PA Semi was started in 2003 to design and develop high-performance low-power PWRficientTM processors targeting high-performance embedded computing and control markets. The team is headed by the visionary designer Dan Dobberpuhl and is backed by Bessemer Venture Partners, Highland Capital Partners, and Venrock Associates. The 64-bit multi-core processors, the company claims, is “three to four times lower power than other similar processor platforms available today.”
I will leave further details of this deal to the frenzy of articles you will find in the web tomorrow. To me there are two very interesting questions to be addressed. Why should Apple buy PA Semi? What are the industry ramifications? I will pen my thoughts on the first question here and leave the second to a sequel.
The Apple spokesperson declined to comment on the plans and purposes of the acquisition. But there are definitely some obvious angles that I can think of.
Firstly, Apple knows very well that the future is about mobility, future is about technology convergence. Mobility, in turn, is limited by power and battery life. Whether it is the iPhone, the iPod or the Air, Apple has pushed its vendors towards efficient power management. Moving into the future, the company is perhaps looking to use this as a further differentiator from the innumerous clones springing up in the market. It wants to be the only one to leverage the design superiority of these PWRficientTM processors for most, if not all its mobile platforms.
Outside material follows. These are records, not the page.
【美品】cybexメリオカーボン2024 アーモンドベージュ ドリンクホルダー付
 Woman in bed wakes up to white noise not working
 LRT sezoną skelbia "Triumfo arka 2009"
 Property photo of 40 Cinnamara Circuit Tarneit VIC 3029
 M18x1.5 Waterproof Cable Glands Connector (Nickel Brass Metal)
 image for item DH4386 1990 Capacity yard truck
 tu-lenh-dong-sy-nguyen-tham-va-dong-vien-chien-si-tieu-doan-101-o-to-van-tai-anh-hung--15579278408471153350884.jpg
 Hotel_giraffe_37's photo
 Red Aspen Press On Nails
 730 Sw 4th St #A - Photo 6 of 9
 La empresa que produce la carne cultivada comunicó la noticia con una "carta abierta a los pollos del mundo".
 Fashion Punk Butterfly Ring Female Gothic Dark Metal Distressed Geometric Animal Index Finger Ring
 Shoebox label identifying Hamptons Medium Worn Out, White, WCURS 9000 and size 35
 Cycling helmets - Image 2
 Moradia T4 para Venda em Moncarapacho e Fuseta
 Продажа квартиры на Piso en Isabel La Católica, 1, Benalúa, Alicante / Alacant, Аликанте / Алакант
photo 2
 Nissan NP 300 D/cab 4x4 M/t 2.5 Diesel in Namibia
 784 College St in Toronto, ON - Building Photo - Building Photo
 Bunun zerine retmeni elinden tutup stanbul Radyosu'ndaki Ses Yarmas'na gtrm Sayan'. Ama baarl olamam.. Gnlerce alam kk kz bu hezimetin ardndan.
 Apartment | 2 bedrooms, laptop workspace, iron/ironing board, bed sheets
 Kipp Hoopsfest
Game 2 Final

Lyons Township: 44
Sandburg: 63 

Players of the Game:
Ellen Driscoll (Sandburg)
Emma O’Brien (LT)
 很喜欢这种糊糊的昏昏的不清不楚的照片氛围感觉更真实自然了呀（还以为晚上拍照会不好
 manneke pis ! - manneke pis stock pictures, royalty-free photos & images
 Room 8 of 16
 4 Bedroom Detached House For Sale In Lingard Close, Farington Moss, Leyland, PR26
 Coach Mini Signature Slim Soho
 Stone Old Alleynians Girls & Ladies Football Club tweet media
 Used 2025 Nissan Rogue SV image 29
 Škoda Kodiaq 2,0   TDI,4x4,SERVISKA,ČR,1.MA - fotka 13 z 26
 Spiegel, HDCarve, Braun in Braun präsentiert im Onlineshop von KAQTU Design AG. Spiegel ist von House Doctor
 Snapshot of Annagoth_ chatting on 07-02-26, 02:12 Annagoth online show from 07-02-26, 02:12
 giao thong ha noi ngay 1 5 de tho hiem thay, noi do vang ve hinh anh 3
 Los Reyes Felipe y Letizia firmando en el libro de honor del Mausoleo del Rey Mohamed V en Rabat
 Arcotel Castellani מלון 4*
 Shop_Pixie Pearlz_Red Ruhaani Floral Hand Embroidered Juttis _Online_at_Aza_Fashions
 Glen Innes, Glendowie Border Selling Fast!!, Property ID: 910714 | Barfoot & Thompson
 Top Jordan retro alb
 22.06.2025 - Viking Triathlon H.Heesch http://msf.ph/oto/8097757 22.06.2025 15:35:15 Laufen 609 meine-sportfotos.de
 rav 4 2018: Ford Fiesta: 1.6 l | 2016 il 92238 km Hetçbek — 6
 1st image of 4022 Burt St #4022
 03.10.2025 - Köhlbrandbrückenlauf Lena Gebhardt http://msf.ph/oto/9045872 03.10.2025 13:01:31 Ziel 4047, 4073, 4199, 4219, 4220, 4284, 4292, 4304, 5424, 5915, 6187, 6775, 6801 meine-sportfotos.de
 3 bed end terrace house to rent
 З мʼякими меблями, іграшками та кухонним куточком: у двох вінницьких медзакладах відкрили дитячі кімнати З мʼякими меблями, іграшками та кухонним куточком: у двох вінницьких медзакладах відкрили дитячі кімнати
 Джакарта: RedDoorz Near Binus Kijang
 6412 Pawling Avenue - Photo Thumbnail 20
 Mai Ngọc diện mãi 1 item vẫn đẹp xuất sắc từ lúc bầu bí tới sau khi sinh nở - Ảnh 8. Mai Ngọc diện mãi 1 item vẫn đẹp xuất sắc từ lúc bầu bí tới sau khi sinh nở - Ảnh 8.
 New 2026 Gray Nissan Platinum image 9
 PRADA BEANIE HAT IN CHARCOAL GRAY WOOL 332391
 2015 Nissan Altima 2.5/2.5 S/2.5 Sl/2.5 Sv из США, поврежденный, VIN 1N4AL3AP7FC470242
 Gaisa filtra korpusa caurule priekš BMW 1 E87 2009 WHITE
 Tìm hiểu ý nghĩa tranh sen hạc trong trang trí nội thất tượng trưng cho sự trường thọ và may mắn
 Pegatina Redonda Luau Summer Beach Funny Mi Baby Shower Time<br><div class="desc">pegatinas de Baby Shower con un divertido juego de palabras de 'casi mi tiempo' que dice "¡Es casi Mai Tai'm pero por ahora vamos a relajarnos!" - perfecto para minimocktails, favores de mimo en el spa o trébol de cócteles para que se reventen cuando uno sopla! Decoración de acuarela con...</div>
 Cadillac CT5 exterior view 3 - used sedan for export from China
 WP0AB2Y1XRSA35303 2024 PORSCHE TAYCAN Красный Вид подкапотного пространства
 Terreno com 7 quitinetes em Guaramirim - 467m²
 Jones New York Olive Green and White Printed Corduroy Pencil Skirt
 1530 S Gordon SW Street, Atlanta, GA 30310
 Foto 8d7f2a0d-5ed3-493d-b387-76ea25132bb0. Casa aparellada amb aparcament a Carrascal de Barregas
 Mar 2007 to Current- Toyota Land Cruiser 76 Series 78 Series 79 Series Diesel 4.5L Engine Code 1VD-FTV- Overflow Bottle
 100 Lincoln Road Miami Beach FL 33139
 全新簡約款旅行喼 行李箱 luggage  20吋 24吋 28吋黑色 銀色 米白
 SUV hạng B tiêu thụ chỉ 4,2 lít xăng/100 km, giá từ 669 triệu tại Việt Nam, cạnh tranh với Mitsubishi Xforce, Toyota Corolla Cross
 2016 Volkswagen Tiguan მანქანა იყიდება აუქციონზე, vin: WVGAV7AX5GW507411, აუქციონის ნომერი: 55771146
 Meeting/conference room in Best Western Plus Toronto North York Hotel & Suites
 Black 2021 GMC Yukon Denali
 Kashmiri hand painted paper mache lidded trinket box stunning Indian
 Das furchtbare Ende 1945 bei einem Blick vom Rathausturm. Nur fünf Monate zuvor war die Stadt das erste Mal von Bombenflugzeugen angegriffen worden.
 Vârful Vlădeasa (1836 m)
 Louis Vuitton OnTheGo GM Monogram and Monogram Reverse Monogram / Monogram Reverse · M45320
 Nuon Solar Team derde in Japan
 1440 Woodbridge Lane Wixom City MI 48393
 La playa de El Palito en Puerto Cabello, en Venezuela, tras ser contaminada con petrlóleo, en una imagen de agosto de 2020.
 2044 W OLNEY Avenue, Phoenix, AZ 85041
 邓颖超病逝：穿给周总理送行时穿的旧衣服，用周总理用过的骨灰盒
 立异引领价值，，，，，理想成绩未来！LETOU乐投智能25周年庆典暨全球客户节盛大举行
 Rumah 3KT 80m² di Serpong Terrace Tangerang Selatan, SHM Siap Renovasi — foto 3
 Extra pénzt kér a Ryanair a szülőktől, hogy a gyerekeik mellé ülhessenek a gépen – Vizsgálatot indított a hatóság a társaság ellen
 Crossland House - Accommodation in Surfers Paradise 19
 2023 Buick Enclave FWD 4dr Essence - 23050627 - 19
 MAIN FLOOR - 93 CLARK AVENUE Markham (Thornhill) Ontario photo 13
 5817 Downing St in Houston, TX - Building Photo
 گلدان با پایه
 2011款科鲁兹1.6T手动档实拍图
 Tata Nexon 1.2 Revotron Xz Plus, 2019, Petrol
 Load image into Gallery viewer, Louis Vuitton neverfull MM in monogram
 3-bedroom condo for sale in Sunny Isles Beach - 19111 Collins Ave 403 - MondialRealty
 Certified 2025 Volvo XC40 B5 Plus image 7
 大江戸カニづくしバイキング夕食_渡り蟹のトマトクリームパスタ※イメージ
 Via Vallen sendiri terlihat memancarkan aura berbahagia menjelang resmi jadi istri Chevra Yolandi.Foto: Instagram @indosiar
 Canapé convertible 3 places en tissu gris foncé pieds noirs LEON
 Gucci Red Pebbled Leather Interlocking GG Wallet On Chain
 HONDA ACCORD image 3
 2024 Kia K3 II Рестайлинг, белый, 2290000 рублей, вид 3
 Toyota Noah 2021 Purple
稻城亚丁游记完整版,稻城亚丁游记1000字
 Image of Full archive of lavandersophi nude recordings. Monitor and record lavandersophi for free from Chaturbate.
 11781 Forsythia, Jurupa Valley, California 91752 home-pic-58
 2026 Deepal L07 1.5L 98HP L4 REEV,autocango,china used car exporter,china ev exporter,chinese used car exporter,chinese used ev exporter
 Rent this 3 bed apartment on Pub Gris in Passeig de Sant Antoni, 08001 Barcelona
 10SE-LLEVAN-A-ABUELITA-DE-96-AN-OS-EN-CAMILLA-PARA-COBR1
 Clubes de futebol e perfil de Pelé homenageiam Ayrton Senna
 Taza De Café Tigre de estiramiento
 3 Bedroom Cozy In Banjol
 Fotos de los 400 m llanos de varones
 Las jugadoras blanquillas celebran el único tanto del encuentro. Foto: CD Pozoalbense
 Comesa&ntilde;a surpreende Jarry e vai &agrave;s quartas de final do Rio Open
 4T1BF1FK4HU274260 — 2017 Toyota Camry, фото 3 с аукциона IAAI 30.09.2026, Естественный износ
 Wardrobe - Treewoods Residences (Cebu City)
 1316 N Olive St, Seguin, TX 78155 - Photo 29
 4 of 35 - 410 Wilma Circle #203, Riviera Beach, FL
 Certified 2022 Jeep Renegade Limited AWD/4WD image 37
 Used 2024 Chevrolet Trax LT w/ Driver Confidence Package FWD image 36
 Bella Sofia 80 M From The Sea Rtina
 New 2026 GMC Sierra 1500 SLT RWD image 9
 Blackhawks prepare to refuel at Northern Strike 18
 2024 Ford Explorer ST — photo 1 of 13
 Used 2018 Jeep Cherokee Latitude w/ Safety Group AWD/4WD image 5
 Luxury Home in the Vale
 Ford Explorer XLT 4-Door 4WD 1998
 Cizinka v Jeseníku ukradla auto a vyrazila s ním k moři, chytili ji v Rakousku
Secondly, PA Semi’s homepage proclaims the words ‘green computing’ in bold letters. Combine this with the timing of the announcement – Earth Day – and you get the message that Apple is trying to drive. It is committed to low-power, it is committed to going green.
Thirdly, an in-house application processor development unit, especially for Apple, will enable tighter and more efficient integration. This will also allow for further form-factor and power optimization. Customized software applications that enhance the user experience can be written. Furthermore, the internal development and optimization strategy will make it difficult for the copy-cats to reverse engineer. This certainly creates more value for any mobile product that comes from the Apple stable.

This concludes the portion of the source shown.